As a single, white, female, yoga practitioner and kids yoga teacher in this American society, I recognize that I have choices. Regardless of my choices, I often find myself in “survival” mode aka: making ends meet, paying the bills, doing “my part” in my community, taking time for self care and nourishing myself so I can get up and do it all over again, etc. etc. I thank the teachers and the tools of yoga for the reminder that I also have a choice. I am choosing this lifestyle, but am I choosing to be single?

The fantasies of finding companionship with my strong, tall, dark, handsome, warrior play out in my imaginations in hopes the “survival” modes dissolves into and easeful transition of sharing life’s responsibilities, trials and tribulations with my love, my sweetheart, my life partner, the “ONE”.

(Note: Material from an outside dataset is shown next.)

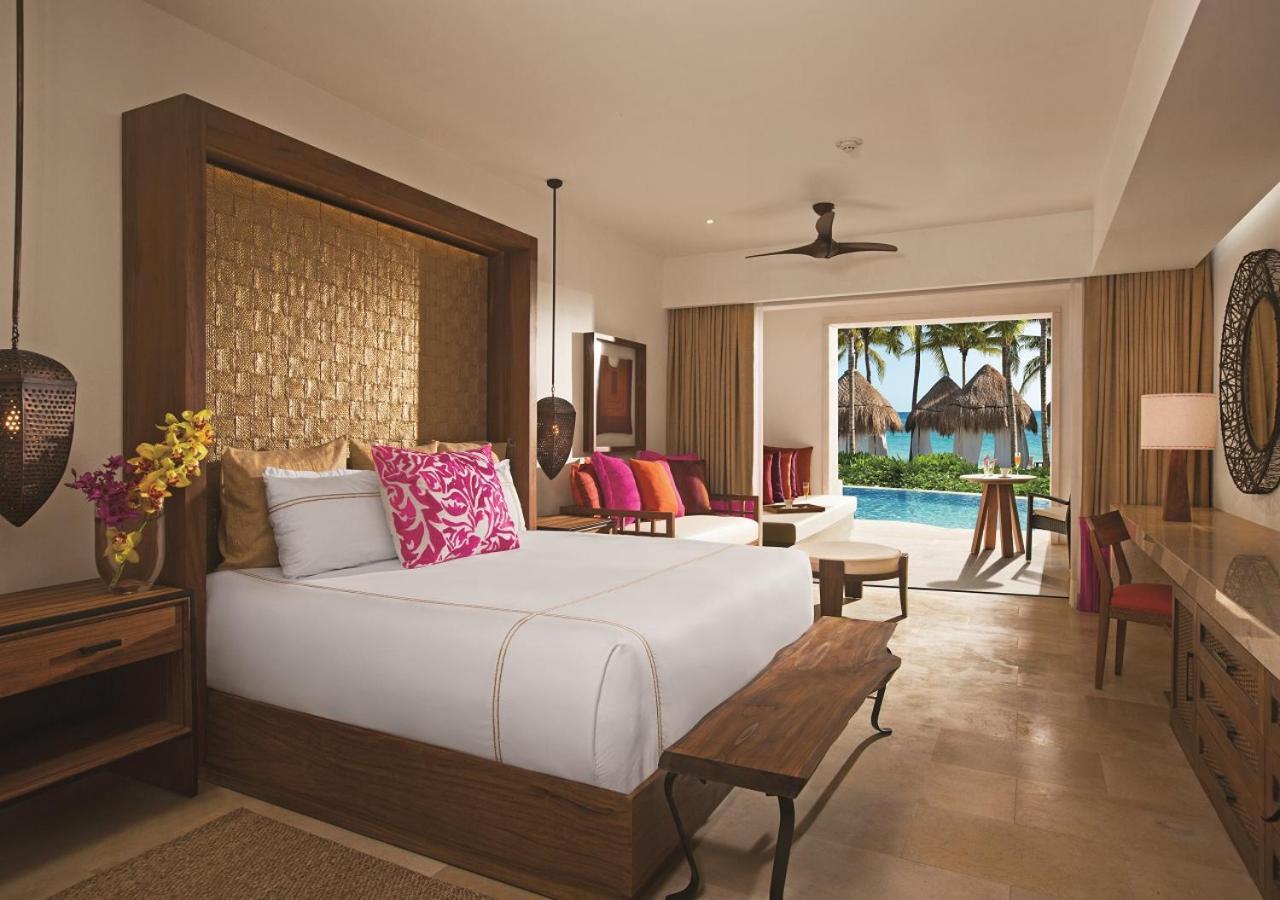Preferred Club Junior Suite Ocean Front Swim Out King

One night while “Tindering”, I swiped right and “liked” him. The essence that exuded from his photos resonated with me. Maybe it was the way he portrayed his artistic side. Maybe it was the photo where he was barefoot with me thinking, “OMG, I love putting my bare feet on the Earth too!” Maybe it was the sweetness emanating from photo of him and his baby girl. Or, maybe it was because I so desperately wanted this person to be “the ONE,” and that is what I chose to believe.

Choice, most of us have a choice in our society, but there are some who may not have a choice, or may not beware of their choices. As a single, white, female, yoga practitioner in her 40’s, I recognize that I have choices. And the choice I made was to pursue my tall, dark, handsome, strong warrior who I was undoubtedly sure was “the ONE.”

The “relationship” with my new Tinder prospect developed and was going in the directions I had only hoped. We talked about spirituality and how there is only one-way of “being” when going into a new, healthy relationship: To be whole and complete with oneself. Of course there were other discussions around the topics of honesty, commitment, monogamy, general belief systems, what did you eat for dinner, how is your daughter, etc. And all the while I kept thinking, I found “the ONE.”

I continuously “checked in” with my intuition, magic filled the air and all the “signs” were saying, “YES, Go for it.”

“The ONE” and I lived over 2,000 miles away from one another. I thought it would be wise to take a trip south so we could actually meet in person. I am a firm believer in walking the talk, putting my money where my mouth is, taking action, etc. You get the picture. So I took a massive leap and hopped on a plane. All signs and road pointed me towards my true love.

I arrived in Atlanta, GA. and was greeted at the airport by “him”. He was real and even more striking in person. We hugged, giggled nervously, said some words and caught a taxi to the hotel. By now it was midnight and the night was still young as we had some serious connecting to do which we did over a drink. Things were going great!

We spent 3 days together in Atlanta, talking laughing, sharing meals, exploring our interests of plants, working out our “misunderstandings”, and walked the city mile after mile. Needless to say, the weekend ended on a good note. As “the ONE” said, “we survived and passed love boot camp”. Our romantic, love boot camp was coming to an end and it was time for me to catch my return flight to Seattle. A myriad of feelings rushed over me as our time together in person face to face and heart to heart was about to end. Reflecting on our short but intense encounter, there was no doubt in my mind we were meant to be together and that the Divine had blessed this relationship.

I don’t recall if it was my own wings that carried me home or the airplane. Either way, I floated home. Over for the next few weeks the magic of our love boot camp filled me up and satiated me until “the ONE” made his way out to Seattle.

Needless to say, our magical love bubble burst into flames and the ashes remain as a reminder to LISTEN. My hope that this man was “the “ONE” was still there but my intuition told me stop blowing through stop signs and ignoring red flags.

As a frequent meditator and yoga practitioner I am grateful for the tools I have collected over the years. During a meditation ceremony, the message to “sharpen and use your tools” came through loud and clear. The tools necessary for me right now are to love even more and to continue to hold this situation (including “the ONE”) in love, light and gratitude.

What am I grateful for? I am grateful for the experience to feel what I was so desiring to feel: love. I am grateful for the opportunity to truly love, honor and respect myself. And I am grateful for the unconditional and nonjudgmental support from my friends and family. One golden gem I walked away with is to love even more.

Sometimes it’s in the dark, gritty waters that we are able to call in the light, strength and beauty to fully bloom. So, when the lotus roots are marinating in the muck, just say thank you, trust, and allow the lotus to open.